Executive Director of La Troupe Makandal, Inc., Lois Wilcken, has released a new posthumous album with the music of Frisner Augustin, a Haitian Vodou master drummer and leader of the Brooklyn-based Troupe Makandal. The album—An Intimate Touch: From Frisner, with Love—features ten compositions of solo drumming, which offer “more than a dozen styles of classic, sacred Haitian drumming through the palms, the fingertips, and the soul of an award-winning musician.”
Augustin, who is credited with being a major force in preserving and popularizing his Afro-Haitian heritage and devoting his life and career both to battling negative stereotypes about Vodou, was born on March 1, 1948 and died on February 28 in Port-au-Prince, Haiti, see previous post La Troupe Makandal’s Frisner Augustin Passes Away.] He was a major performer and composer of Haitian Vodou drumming and the first citizen of Haiti to win a National Heritage Fellowship (1999) from the National Endowment for the Arts in the United States, where he resided for forty years.

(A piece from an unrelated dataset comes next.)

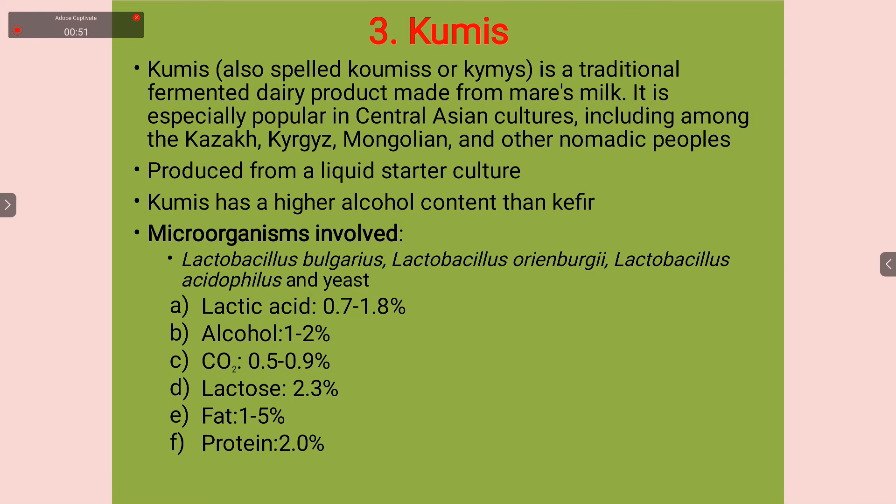The lactic acid content is 0.7 to 1.8 percent. Alcohol content is 1.2 percent. Carbon dioxide varies from 0.5 to 0.9 percent. Lactose is 2.3 percent. Fat is 1 to 5 percent and protein is near about 2 percent.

Here are excerpts from The New York Times obituary:
“A youth prodigy on the traditional drums of Haitian Vodou in ritual context, Augustin took his genre to the modern stage, often exploring its common roots with various jazz styles. From his initial forays in Haiti with Lina Mathon Blanchet, Jacky Duroseau, and Jazz des Jeunes, he went on to work in the United States and Europe with Kip Hanrahan, Edy Brisseaux, and Andrew Cyrille. He also recorded for filmmaker Jonathan Demme.
Leading La Troupe Makandal, a drum and dance group, and performing in both vodou ceremonies and secular events, Mr. His personal style was meticulous not only about rhythm but also about the melodies made by drum tones. “He would say the drum is like a piano,” Ms. Wilcken said.
[. . .] Mr. Augustin immigrated to New York City in 1972 and worked with various groups as a drummer; he also began his lifelong second career as a drumming teacher. In 1981 he took over as artistic director of La Troupe Makandal, a Haitian ensemble named after a Haitian revolutionary and mystic, when it relocated from Port-au-Prince to New York.
La Troupe Makandal has performed for both Haitian and world-music audiences. When it brought abridged vodou ceremonies to public stages, the rhythms were so traditional and intense that unplanned spiritual possessions sometimes took place in secular spaces. The troupe also performs choreographed programs devoted to Haitian history and culture. It has made four albums of traditional Afro-Haitian music: “A Trip to Vodou,” “Èzili,” “The Drums of Vodou” and “Prepare.”
In 1983, Mr. Augustin began teaching the Haitian Drum Workshop at Hunter College, with instruction not only in vodou but also in other Haitian traditions. He also taught drumming at regular workshops in Brooklyn neighborhoods and worked with a Haitian-American children’s dance company, Tonel Lakay.”